C++ template metaprogramming is like writing a program in Prolog without a debugger. The compiler executes your metaprogram by running through a bunch of pattern-matching rules. But unlike Prolog, the C++ template metaprogramming language doesn’t have a debugger. You just feed your code to the compiler, and you get a few possible results:

  1. It fails to compile.
  2. It compiles and gives you what you want.
  3. It compiles and gives you something that wasn’t what you want.

Only if you’re lucky do you get case 2 on the first try.

There’s no way to single-step through your metaprogram, and there’s no print-debugging either. All you can do is see what the compiler says.

Here’s a trick I use to get something. It’s not great, but it’s still handy.

template<typename... Args> void whatis();

This is a forward declaration of a function that takes an arbitrary number of type arguments.
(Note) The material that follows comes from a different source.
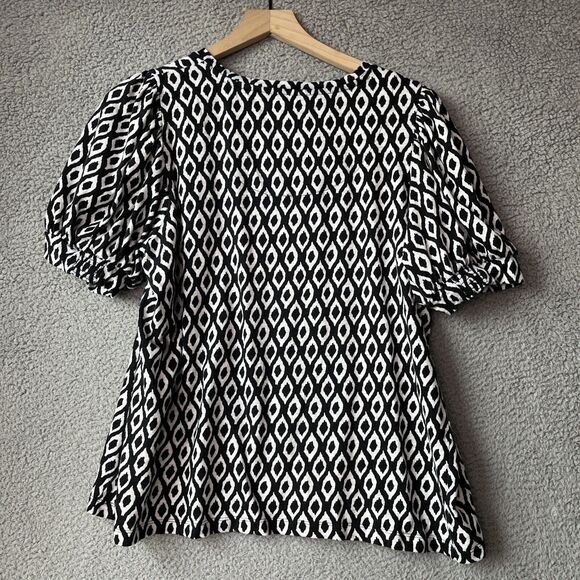Chicos Top 3 XL Puff Sleeve Diamond Geometric Black White T-Shirt Chic Work - Picture 7 of 12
I can drop a call to this function at various points in my template metaprogram to see how the compiler deduced a type:

template<typename T>
void f(T&& t)
 ... other stuff ...

When I instantiate f, a call to whatis<T> is made, among all the other stuff. I can look at the compiler output or the linker’s “unresolved external” error message to see what T ended up being.

double v = 3.0;

// msvc

??$f@AEAN@@YAXAEAN@Z PROC                   ; f<double &>, COMDAT
        ... other stuff ...
        call    ??$whatis@AEAN@@YAXXZ       ; whatis<double &>
        ... other stuff ...
??$f@AEAN@@YAXAEAN@Z ENDP                   ; f<double &>

unresolved external symbol
"void __cdecl whatis<double &>()" (??$whatis@AEAN@@YAXXZ)

// gcc
        ... other stuff ...
        call    _Z6whatisIJRdEEvv
        ... other stuff ...

undefined reference to `void whatis<double&>()'

Aha, in this instantiation of f, the type T was deduced to be double&.

It’s not a super-awesome trick, but with template metaprogramming, every little bit helps.